What you need to do – Locate the line with "芳川マンション(3DK/4階)の間取り写真" in the material. Copy that line and each one after it, through the last, exactly and with nothing else.

Information provided –
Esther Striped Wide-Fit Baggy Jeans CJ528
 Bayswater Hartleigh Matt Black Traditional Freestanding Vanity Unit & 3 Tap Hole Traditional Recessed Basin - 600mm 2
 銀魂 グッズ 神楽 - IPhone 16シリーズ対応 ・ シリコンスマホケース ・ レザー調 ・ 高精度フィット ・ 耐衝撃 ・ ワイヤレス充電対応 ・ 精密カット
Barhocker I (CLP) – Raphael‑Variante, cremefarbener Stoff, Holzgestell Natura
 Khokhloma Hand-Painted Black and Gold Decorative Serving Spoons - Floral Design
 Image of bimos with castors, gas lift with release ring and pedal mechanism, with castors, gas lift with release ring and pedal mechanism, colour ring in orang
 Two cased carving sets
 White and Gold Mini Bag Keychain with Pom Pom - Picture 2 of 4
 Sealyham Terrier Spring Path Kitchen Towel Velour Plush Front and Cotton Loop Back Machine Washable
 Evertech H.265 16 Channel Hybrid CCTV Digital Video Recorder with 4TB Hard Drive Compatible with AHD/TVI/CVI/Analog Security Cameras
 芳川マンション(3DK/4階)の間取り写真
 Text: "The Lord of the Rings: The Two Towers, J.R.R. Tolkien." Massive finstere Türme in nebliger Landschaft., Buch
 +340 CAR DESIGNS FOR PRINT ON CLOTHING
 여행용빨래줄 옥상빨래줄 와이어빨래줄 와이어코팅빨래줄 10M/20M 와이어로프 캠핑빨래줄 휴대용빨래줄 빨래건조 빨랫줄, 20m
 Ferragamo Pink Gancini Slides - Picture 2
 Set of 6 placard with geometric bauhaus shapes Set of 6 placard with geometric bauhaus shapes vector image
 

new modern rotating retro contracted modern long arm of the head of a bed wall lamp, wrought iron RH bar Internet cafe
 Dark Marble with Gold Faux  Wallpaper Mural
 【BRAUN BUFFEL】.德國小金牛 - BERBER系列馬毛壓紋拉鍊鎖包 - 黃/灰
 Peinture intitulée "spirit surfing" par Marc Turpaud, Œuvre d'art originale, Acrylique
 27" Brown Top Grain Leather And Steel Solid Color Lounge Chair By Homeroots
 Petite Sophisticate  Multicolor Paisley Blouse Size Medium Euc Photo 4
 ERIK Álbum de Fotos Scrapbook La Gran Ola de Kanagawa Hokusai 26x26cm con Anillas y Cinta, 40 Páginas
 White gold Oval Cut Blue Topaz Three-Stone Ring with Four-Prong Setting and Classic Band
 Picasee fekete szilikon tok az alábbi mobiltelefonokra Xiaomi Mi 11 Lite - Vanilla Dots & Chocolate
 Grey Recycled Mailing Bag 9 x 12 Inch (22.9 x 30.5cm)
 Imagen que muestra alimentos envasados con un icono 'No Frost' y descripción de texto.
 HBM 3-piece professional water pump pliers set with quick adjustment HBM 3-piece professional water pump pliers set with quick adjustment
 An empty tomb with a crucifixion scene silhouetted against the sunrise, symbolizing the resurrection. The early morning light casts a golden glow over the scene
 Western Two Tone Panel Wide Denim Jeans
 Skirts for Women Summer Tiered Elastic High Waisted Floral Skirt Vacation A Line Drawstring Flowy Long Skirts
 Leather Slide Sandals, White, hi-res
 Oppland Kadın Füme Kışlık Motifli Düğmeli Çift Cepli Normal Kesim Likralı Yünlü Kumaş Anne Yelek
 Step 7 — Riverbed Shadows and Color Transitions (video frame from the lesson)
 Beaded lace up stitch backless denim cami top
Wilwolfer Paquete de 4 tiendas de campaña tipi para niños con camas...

Expected output –
 芳川マンション(3DK/4階)の間取り写真
 Text: "The Lord of the Rings: The Two Towers, J.R.R. Tolkien." Massive finstere Türme in nebliger Landschaft., Buch
 +340 CAR DESIGNS FOR PRINT ON CLOTHING
 여행용빨래줄 옥상빨래줄 와이어빨래줄 와이어코팅빨래줄 10M/20M 와이어로프 캠핑빨래줄 휴대용빨래줄 빨래건조 빨랫줄, 20m
 Ferragamo Pink Gancini Slides - Picture 2
 Set of 6 placard with geometric bauhaus shapes Set of 6 placard with geometric bauhaus shapes vector image
 

new modern rotating retro contracted modern long arm of the head of a bed wall lamp, wrought iron RH bar Internet cafe
 Dark Marble with Gold Faux  Wallpaper Mural
 【BRAUN BUFFEL】.德國小金牛 - BERBER系列馬毛壓紋拉鍊鎖包 - 黃/灰
 Peinture intitulée "spirit surfing" par Marc Turpaud, Œuvre d'art originale, Acrylique
 27" Brown Top Grain Leather And Steel Solid Color Lounge Chair By Homeroots
 Petite Sophisticate  Multicolor Paisley Blouse Size Medium Euc Photo 4
 ERIK Álbum de Fotos Scrapbook La Gran Ola de Kanagawa Hokusai 26x26cm con Anillas y Cinta, 40 Páginas
 White gold Oval Cut Blue Topaz Three-Stone Ring with Four-Prong Setting and Classic Band
 Picasee fekete szilikon tok az alábbi mobiltelefonokra Xiaomi Mi 11 Lite - Vanilla Dots & Chocolate
 Grey Recycled Mailing Bag 9 x 12 Inch (22.9 x 30.5cm)
 Imagen que muestra alimentos envasados con un icono 'No Frost' y descripción de texto.
 HBM 3-piece professional water pump pliers set with quick adjustment HBM 3-piece professional water pump pliers set with quick adjustment
 An empty tomb with a crucifixion scene silhouetted against the sunrise, symbolizing the resurrection. The early morning light casts a golden glow over the scene
 Western Two Tone Panel Wide Denim Jeans
 Skirts for Women Summer Tiered Elastic High Waisted Floral Skirt Vacation A Line Drawstring Flowy Long Skirts
 Leather Slide Sandals, White, hi-res
 Oppland Kadın Füme Kışlık Motifli Düğmeli Çift Cepli Normal Kesim Likralı Yünlü Kumaş Anne Yelek
 Step 7 — Riverbed Shadows and Color Transitions (video frame from the lesson)
 Beaded lace up stitch backless denim cami top
Wilwolfer Paquete de 4 tiendas de campaña tipi para niños con camas...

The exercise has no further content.